PROVIDED ENTRIES:
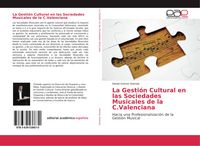Produktbild: La Gesti&oacute;n Cultural en las Sociedades Musicales de la C.Valenciana
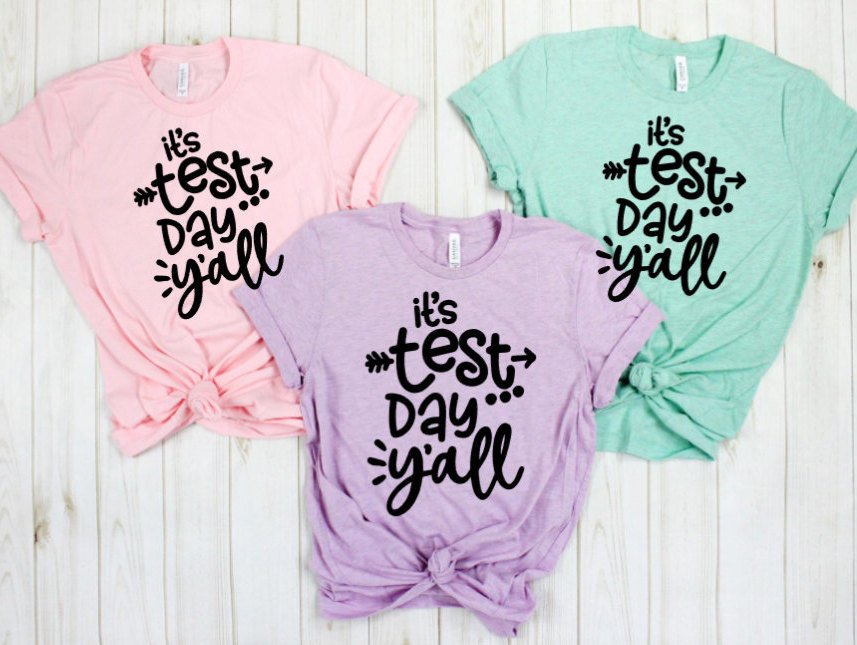 It's Test Day Y'all **Staar Testing** Teacher's T-Shirt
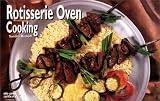 Rotisserie Oven Cooking (Nitty Gritty Cookbooks)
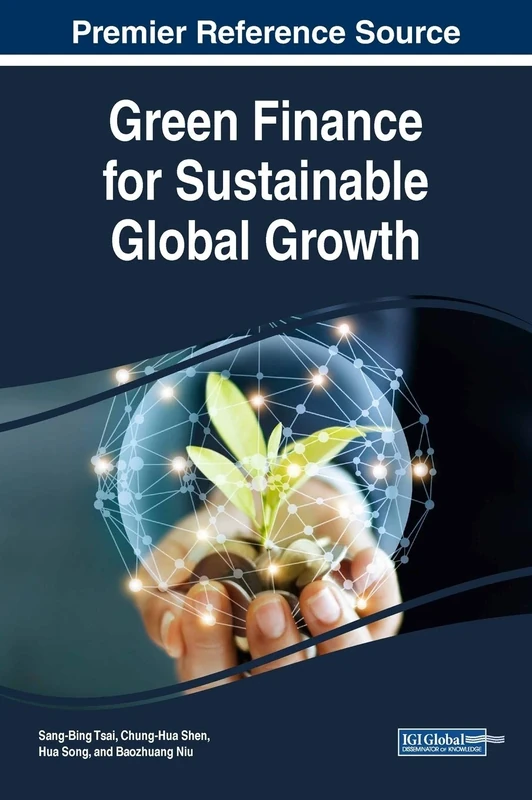 Green Finance for Sustainable Global Growth (Advances in Environmental Engineering and Green Technologies (AEEGT))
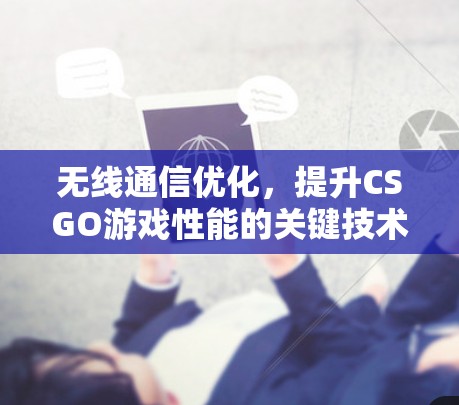 无线通信优化,提升CSGO游戏性能的关键技术 无线通信优化,提升CSGO游戏性能的关键技术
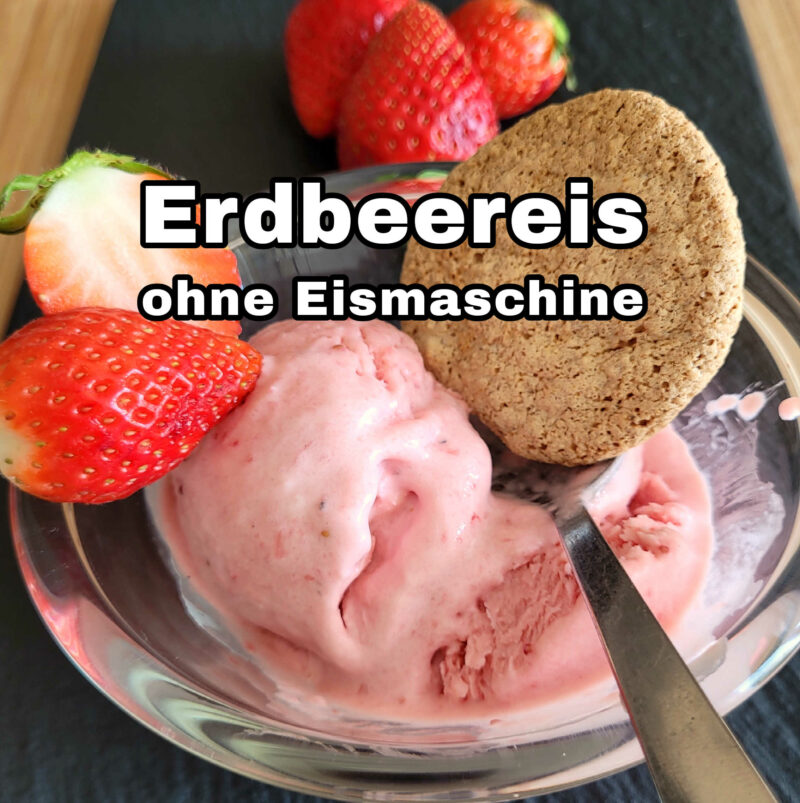 Erdbeerzeit - Erdbeereis Cremiges Rezept ohne Eismaschine - Meiers ...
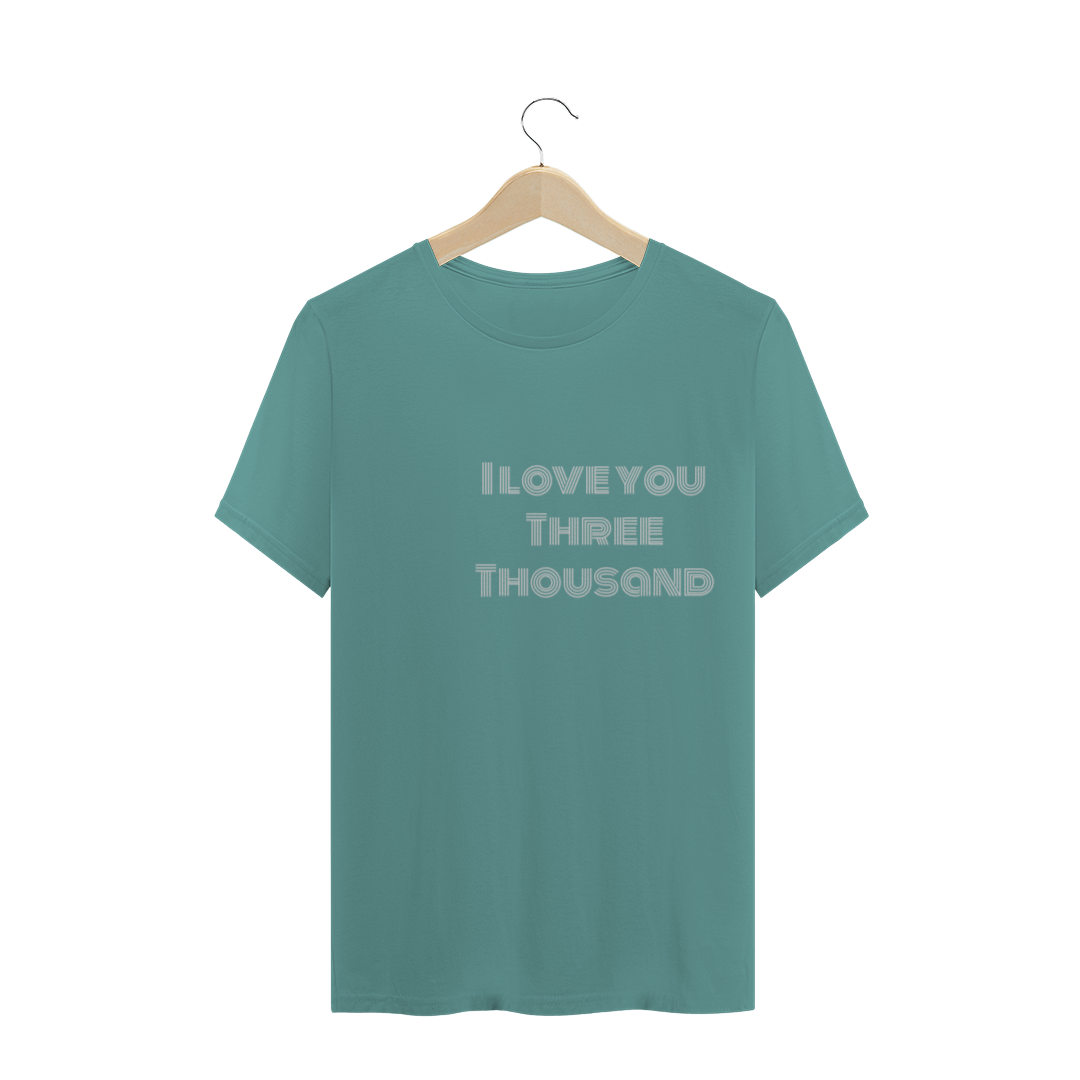 Nome do produto  Camiseta I love you three thousand estonada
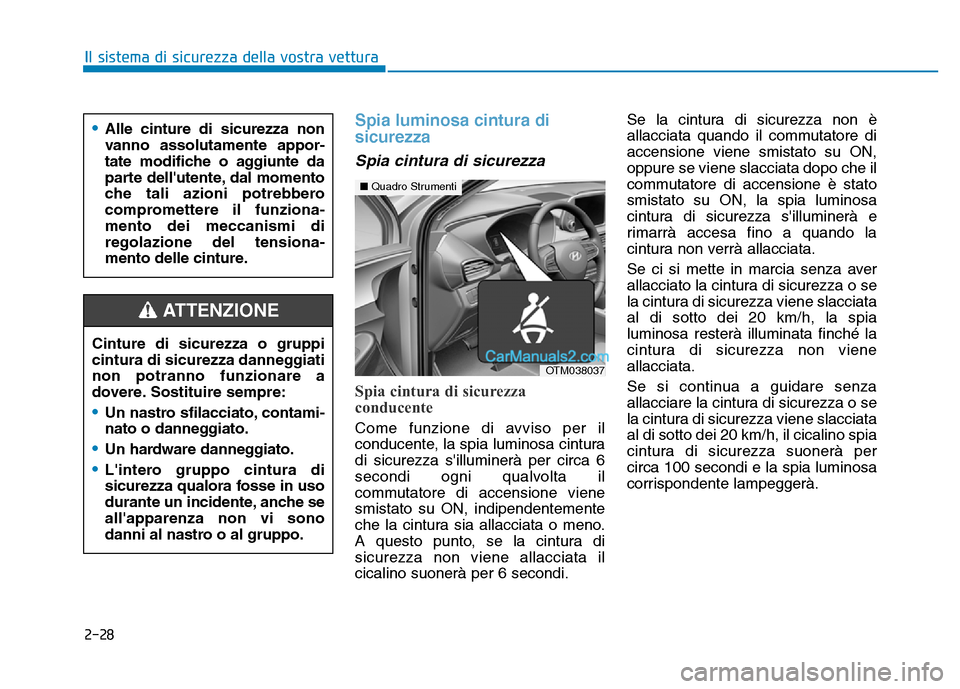 Hyundai Santa Fe 2019 Manuale del proprietario (in Italian) 2-28
Il sistema di sicurezza della vostra vettura
Spia luminosa cintura di
sicurezza
Spia cintura di sicurezza
Spia cintura di sicurezza
conducente
Come funzione di avviso per il
conducente, la spia Hyundai Santa Fe 2019 Manuale del proprietario (in Italian) 2-28
Il sistema di sicurezza della vostra vettura
Spia luminosa cintura di
sicurezza
Spia cintura di sicurezza
Spia cintura di sicurezza
conducente
Come funzione di avviso per il
conducente, la spia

EXERCISE BRIEF: Which of the lines above carry the string "conducente"? Pick them out and copy them.

RESULT FOR THIS EXERCISE:
conducente
conducente, la spia Hyundai Santa Fe 2019 Manuale del proprietario (in Italian) 2-28
conducente
conducente, la spia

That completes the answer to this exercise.